One, the idea of having fewer, (much) larger banks. It’s an old idea, but embedded firmly across the political divide, and was first mooted by P Chidambaram as Finance Minister. Chief Economic Advisor (CEA) Arvind Subramanian reiterated its salience a few days ago. Ironically enough, this is one idea where India is bucking the global trend. Since the global financial crisis in 2008, regulators globally have become extremely wary of banks that are too large. The reason for that is intuitive.
First, larger the bank, larger is its footprint, and hence greater the damage to the wider economy should it fail. Second, Risk Management 101 dictates diversification is a key mitigant of risk, while concentration is a contributor to it. Ergo, smaller, more numerous banks are preferred to larger, fewer ones, from a systemic risk management perspective. Globally Systematically Important Banks, or GSIB — a list of essentially Too-Big-To-Fail (TBTF) institutions — have been identified, and they are required to have more stringent control around capital and risk. In this context, the idea of having larger Indian banks is bizarre, because its stated aim would be to merge small banks into fewer TBTF ones, thereby increasing risks to the system!

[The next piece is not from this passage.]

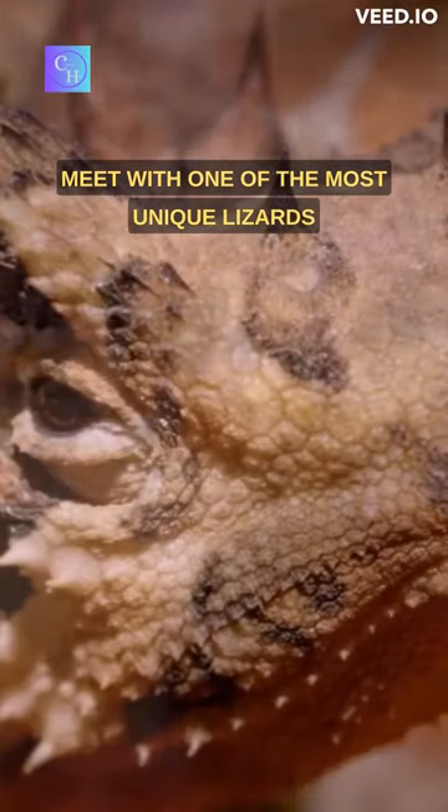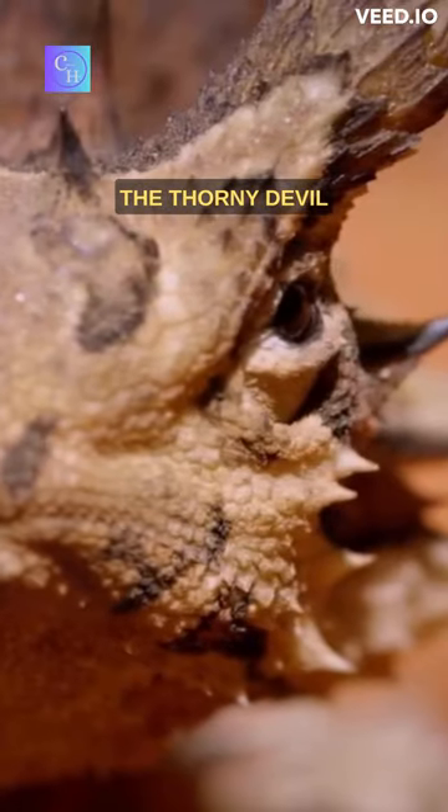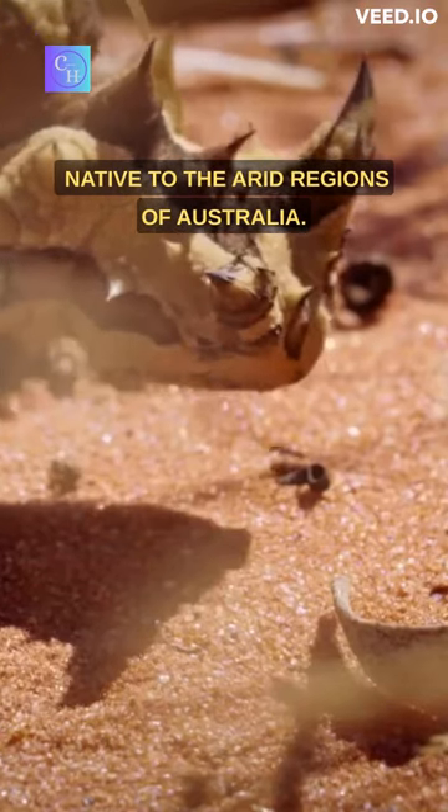Meet one of the most unique lizards: the Thorny Devil. Also known as the Thorny Dragon or Moloch, it is a unique lizard species native to the arid regions of Australia.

Two, assumption of public ownership of PSB to taxpayer-funded “bailout” through recapitalisation. It has been established many times over the years — banking obligations, when banks are under stress, automatically devolve to the taxpayer, irrespective of ownership. Whether Korean banks post the 1997-98 Asian Crisis, US/European banks post the 2008 global financial crisis, or Indian banks many times over (remember Global Trust Bank, Bank of Rajasthan?) — in a crisis, banks need to be bailed out by the government, irrespective of whether they are owned privately or publicly. Banks aren’t ordinary corporate enterprises — failure of a bank has large social impact. Further, increasing complexity of the financial system means there are snowballing effects of a bank failure that are difficult to assess. Therefore, the taxpayer liability isn’t an issue of ownership, but the quality of regulation to ensure risks are appropriately managed.

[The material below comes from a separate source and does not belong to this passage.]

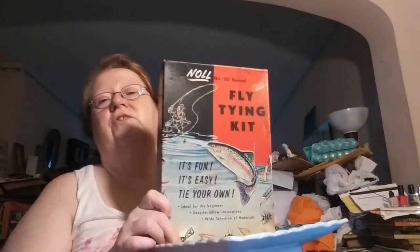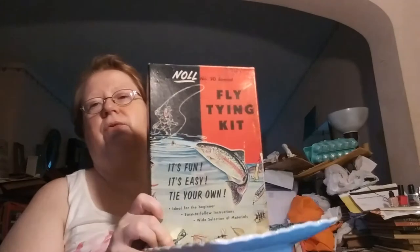I got this for free at an estate sale — they just threw it in when I bought all the salt sellers. It is a fly fishing kit. These go from eight to twenty-five dollars. I'm starting mine at eight because this one has been used. Not much, but you can tell it has been used and the feathers in there are really showing their age, but they're all in there — all in their original cellophane bags, that's how old it is. I'm going to start that at eight and see where it goes. Again, that one will be an auction.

Three, privatisation as a panacea for all ills. This is an ideological position — based primarily on faith rather than reason. The assumption is the issues afflicting PSB are on account of its state-ownership, which somehow make them structurally vulnerable to taking poor-quality decisions, sometimes compromised with integrity issues. From Leendert Neufville in Holland in the 18th century to a range of Asian banks in the 20th century to American and European banks in 2008 — history is replete with privately-owned banks collapsing on the weight of poor decision-making. Regulatory investigations in the last few years in private sector banks have shown up numerous cases of moral turpitude too. Even in India, large private-sector banks have been found out making poor-quality decisions on transparency, risk-management and governance. In other words, there is too much data disproving the hypothesis of superior governance of a privately-owned banking system.
The question then is, what should policy-makers focus on? The focus should be at the core of the issue, i.e., risk. Banks are fundamentally risky enterprises, allowed a level of leverage in their capital structures and a level of interconnectedness with large parts of the economy that no other commercial enterprise (barring perhaps insurance) is allowed. The example of Lehman Brothers is illustrative. It was a mid-sized bank with no retail deposits — and its collapse engendered a crisis to the global financial architecture. No wonder, banks have a social compact of “backstop” from the taxpayer.

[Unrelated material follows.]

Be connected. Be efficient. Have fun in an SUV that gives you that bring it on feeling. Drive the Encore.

That is where the real issue lies — not in ownership, not in size. Regulators should be concentrating on mitigating that risk on society. Fundamentally, it means converting banks into utilities — essential institutions, but ones that don’t take risks that can put society at risk (similar to, though not the same as, a telephone company). Solutions lie in the domain of smaller (not larger) banks, higher capital requirements, lesser risk-taking, greater state oversight (and not lesser via privatisation) and higher governance. In other words, make banks (and banking) a boring affair. Unfortunately, most of the oft-discussed, clichéd solutions today are taking the other direction — taken to their conclusions, they will increase the risks to the system, and make it even more vulnerable to future taxpayer bailouts.
Through history and literature, bankers have rarely been boring. From the usurious Shylock in Merchant of Venice to the murderous Patrick Bateman in American Psycho to the philandering Humphry Wellwood in The Children’s Book — bankers are usually flamboyant, somewhat unscrupulous characters. The real objective for regulators would be around converting bankers (and banks) into Mr Banks, the benign, boring Bank of England official in the Mary Poppins books. That, and not ideological positions around size and ownership, is what will shape for a safer, better banking architecture for India in the future.